Dan sekarang, Gotama, aku beserta putra-putraku, istriku, orang-orangku
dan sahabat-sahabatku menyatakan berlindung kepada Gotama Sang Bhagava,
Dhamma serta Sangha. Semoga Yang Mulia Gotama sudi menerima aku sebagai
seorang upasaka, yang mulai hari ini sampai selama-lamanya, telah
menyatakan berlindung kepada Buddha, Dhamma serta Sangha. Dan sama seperti
Yang Mulia pergi mengunjungi para keluarga upasaka di Ukkattha, maka
biarlah Yang Mulia Gotama juga mengunjungi keluarga Pokkharasadi.
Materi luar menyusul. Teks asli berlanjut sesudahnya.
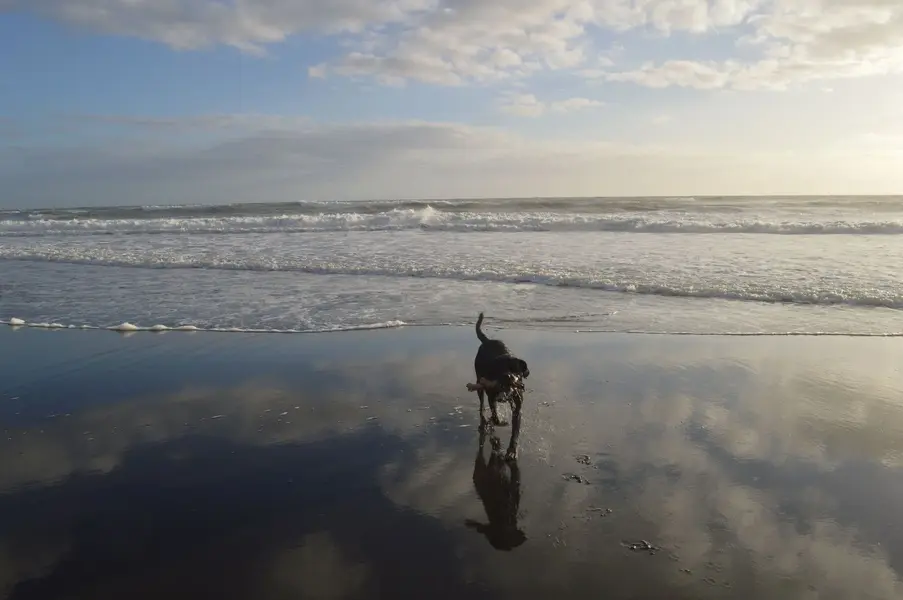 Angus mirror sand.webp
Siapapun
juga yang berada di sana, apakah para brahmana atau istri-istrinya, yang
akan memberi hormat pada Yang Mulia Gotama, atau menyambut-Nya dengan
berdiri, atau mempersembahkan tempat duduk dan air kepada-Nya, atau merasa
gembira dan yakin dengan-Nya, maka biarlah hal itu menjadi sebab
kebahagiaan dan kesejahteraan baginya untuk waktu yang lama.””Sungguh
baik, brahmana, apa yang telah engkau katakan.”